2004-12-14

NE Ethnia: Boston more diverse, region still segregated

A report in today's Boston Globe summarizes the findings of a housing study in greater Boston by Kennedy School professor Guy Stuart. Although the region in general is becoming more diverse, the picture changes when one looks at where population growth is taking place. To wit:

"Nonwhites and Latinos are moving to satellite cities in large and disproportionate numbers. While 15 percent of the region lived in satellite cities in 2000, for example, 34 percent of the area's Latinos resided there. The study listed the satellite cities as Attleboro, Brockton, Fall River, Fitchburg, Gloucester, Lawrence, Leominster, Lowell, New Bedford, and Worcester."

As the population in the satellite cities grows, the cities are becoming more segregated since "whites who departed either moved to another community or shifted to blocks where whites already had been disproportionately represented." These other communities include suburban towns, where the population of the average block was 93 per cent white in 2000. The article concludes:

''If these trends continue," Stuart said, ''satellite cities will become more racially and ethnically divided, as whites either leave or move to enclaves that are already largely white, in the face of a rapidly expanding nonwhite and Latino community." 

I would add that housing is not the only area where division is apparent.

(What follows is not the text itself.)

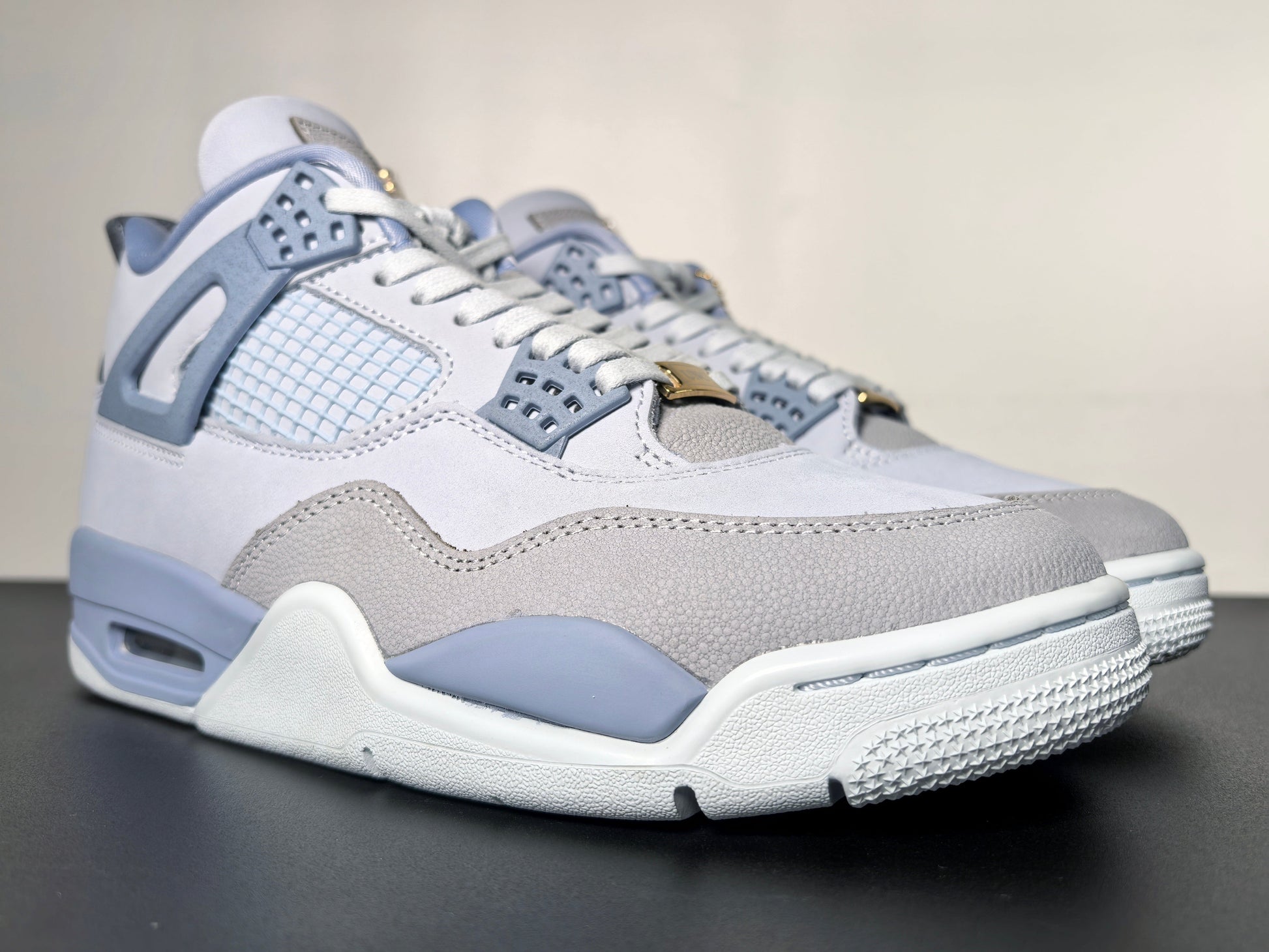 Air Jordan 4 Retro Georgetown PE Luxury Urban Wear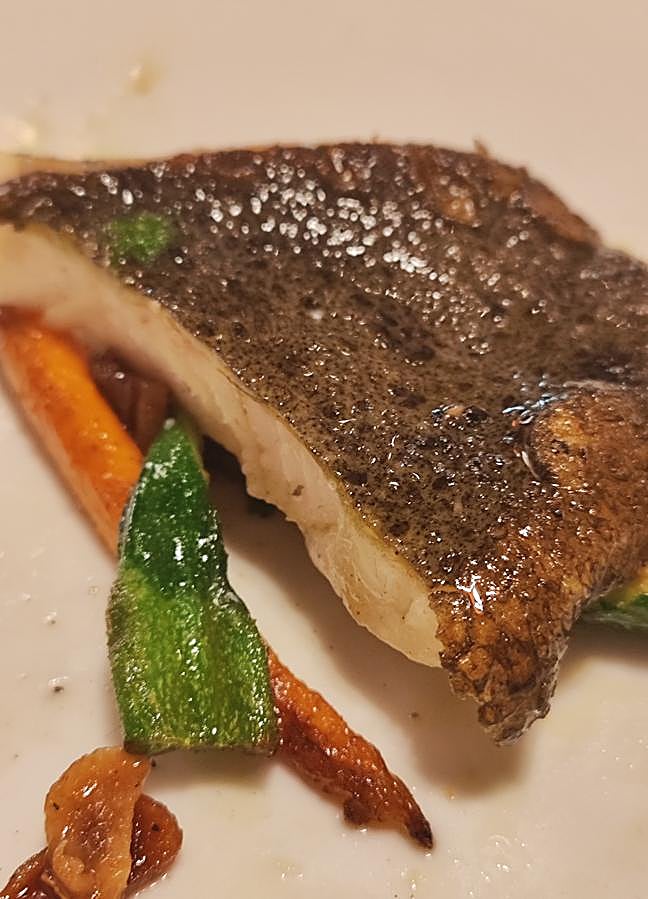 Imagen - El rodaballo a la parrilla con salsa bilbaína de Los Rincones del Marqués. /AFL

The pattern was obvious in our previous home in Worcester, where expanding and culturally vibrant immigrant communities are almost entirely excluded from the Soviet-type political structures, and live on blocks which are ignored by the financial and business structures. Meanwhile the businesses which would be in the city center (bulldozed long ago to buld a chronically failing shopping mall with a large and generally empty parking garage) were migrating across the border to the strip-mall section of suburban Shrewsbury. As we used to tell people trying to find us, "We live right where downtown would be if there were one."